The Noras and The Khamtis


 M.Martin: History, Topography, Antiquities, &c. of Eastern India,
vol. III, 1838.

     West from the Chingpho, and bounding on the south with Assam, is the country of Nora, which belongs to the descendants of Khunlai, brother of Khuntai, first king of Assam. The language and customs of the people of Nora are the same with those which formerly prevailed among the proper Assames; and between the two people there is still a constant friendly intercourse; and many natives of Nora are always to be found at the court of Jorhat.

     West from Nora, and nearly south from Jorhat, the territory of Assam in bounded by that of Khamti king, which is rather a plain country, but much overgrown with woods.
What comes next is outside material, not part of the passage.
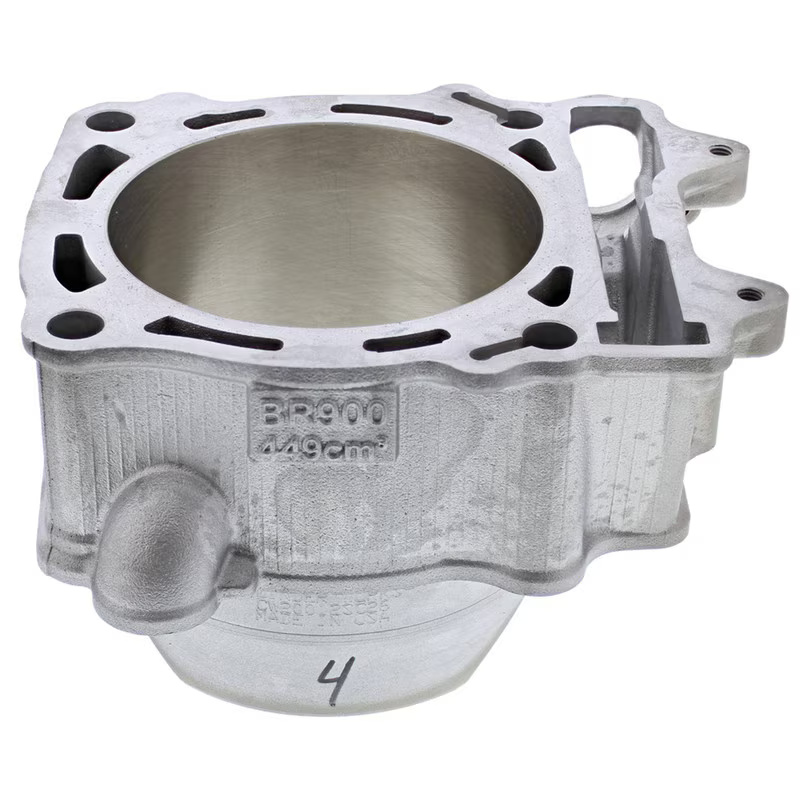 Cylinder Only 97mm Yamaha YZ 450 F 18-19 Cylinder Works CW20012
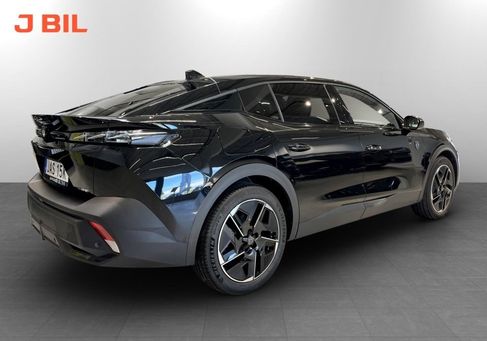 Peugeot 408, 2024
The inhabitants are reckoned expert workmen in iron and timber, and their manners are nearly the same with those who prevail in Nora. Until lately the king was entirely independent, and a very friendly intercourse subsisted between his subjects and the Assamse. On the death of Gaurinath king of Assam, the Bura Gohain invited the king of Khamti to an interview, under pretence of treating with him for the succession to the throne of Jorhat; for it must be observed, that the right of all the descendants of Godadhar to the succession is doubtful, as his birth was illegitimate. During the interview the unwary king was seized and put in confinement, and the Assamese took possession of the greater part of Khamti. The nephew of the captive prince, however in 1808 was still able to act on the defensive, and harassed the Assamese with a band of faithful adherents. The Bura Gohain was then said to be preparing a force in order to reduce the country to entire obedience; but whether or not this force proceeded in the beginning of 1809, or what has been the result, i have not learned.